Ian Bostridge and Julius Drake talking to Sean Rafferty

BBC Radio 3 In Tune, Thursday 8 October 2009

This interview can be heard through the Radio 3 website until Thursday 15 October.

IB and JD In Tune 8 Oct 2009

SR: …Allan Clayton will sing live for us later, and so now does Ian Bostridge – he sang at LSO St Luke’s for Radio 3 at lunchtime, you can hear that at the beginning of November. He’s performing Brahms and Britten for us, with the pianist Julius Drake. And we begin indeed, this great English tenor begins, with one of the Lyrics Rhymes and Riddles by the Scottish poet William Soutar that Britten wrote for the 700th concert of the National Gallery of Scotland.

[Music: Britten: Who are the Children? From Who are these Children, op. 84]

SR: Ian, thank you. Who are these Children? from a series of settings of the Lyrics, Rhymes and Riddles of William Soutar by Benjamin Britten. It’s a strange little collection of songs Ian isn’t it. I gather Soutar set these after he saw a photograph in the 1940s showing a hunt going through a village which had been obviously disturbed and ravaged by war and it set him into a sort of wail of protest.

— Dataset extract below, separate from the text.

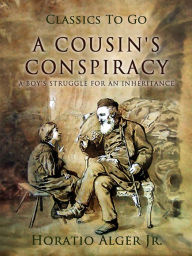 Title: A Cousin's Conspiracy: Or, a Boy's Struggle for an Inheritance, Author: Jr. Horatio Alger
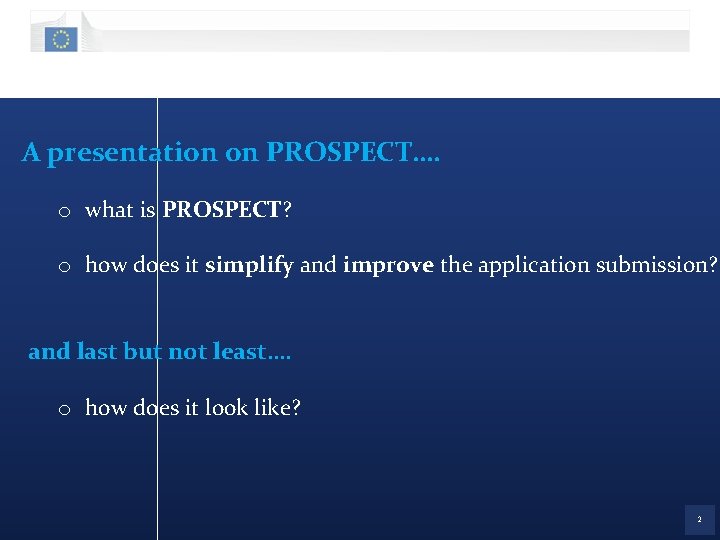 Prospect European Commission The New Online System For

IB: I think the two things in Britten, the anti-war sentiment but then of course also the anti-hunting sentiment which comes out so strongly in the early piece, the orchestral piece Our Hunting Fathers which he always called his opus 1 even though it wasn’t literally his opus 1. It’s a funny piece because it’s a mixture of these Scottish, these songs written in Scottish dialect, which are sort of riddles and little children’s poems, which I’ve never done ‘cause I’ve never dared try out my Scottish accent [laughter], erm, and these four fantastic poems, more serious poems in English

SR: Soutar is not someone who’d be particularly well known here, would he?

IB: No, but I do think they are really fantastic poems

SR: He died himself, what, in the 1940s?

IB: Yes [SR: about 1943] he had TB for a long time

SR Yes, well obviously his views chimed very, very strongly with Britten’s as a pacifist and socialist. Where do they fit into the cannon because you don’t hear them very often do you?

IB: I think, although we do – Julius and I do – the four English songs a lot as a group and they work very… I mean they’re a very dark group, but I think they’re as great as any songs he wrote. Incredibly, incredibly powerful.

SR: Well it’s nice to hear your voice nicely warmed up after Schubert at lunchtime. You sprang into the breach at LSO St Luke’s, we’ll hear that on 5th November. That all went fantastically well I think?

IB: Um, Yeah. I haven’t done a lunchtime recital for a long time so it was nice to get back to that time of day… [laughs].

SR: What does it take to get the voice going a little bit earlier in the day?

IB: Um, it’s a bit easier now ‘cause my children get me up so early in the morning [laughs] which helps it all fall in place… in time… but I haven’t… eating is always a problem as a singer, when do you eat, because you don’t want to eat too much and on the other hand you don’t want to be, your blood sugar level to drop disastrously, so I haven’t quite got the eating for lunchtime right I think, but whereas in the evening I’m quite used to it…

SR: You mean there isn’t a handbook for English tenors on what to eat at the right time?

IB: No, sadly not…

SR: Maybe you could publish one?

IB There are not that many… small print run…

SR: But Britten obviously suits the voice very well, and actually just listening to you and looking back on recordings even a year or two ago, your voice seems to have filled out, I don’t mean darker necessarily, but it’s got richer

IB: Um. People have said that to me, which is nice, ‘cause the worry is I suppose in some sense that things will get worse, that you always keep an eye on it and don’t want to necessarily… you want it to keep sounding young and light in a way, because I’ve got a light tenor, you know, you mustn’t thicken the voice, but I’m going to a new teacher at the moment so maybe that’s helping to keep it all in gear, I don’t know…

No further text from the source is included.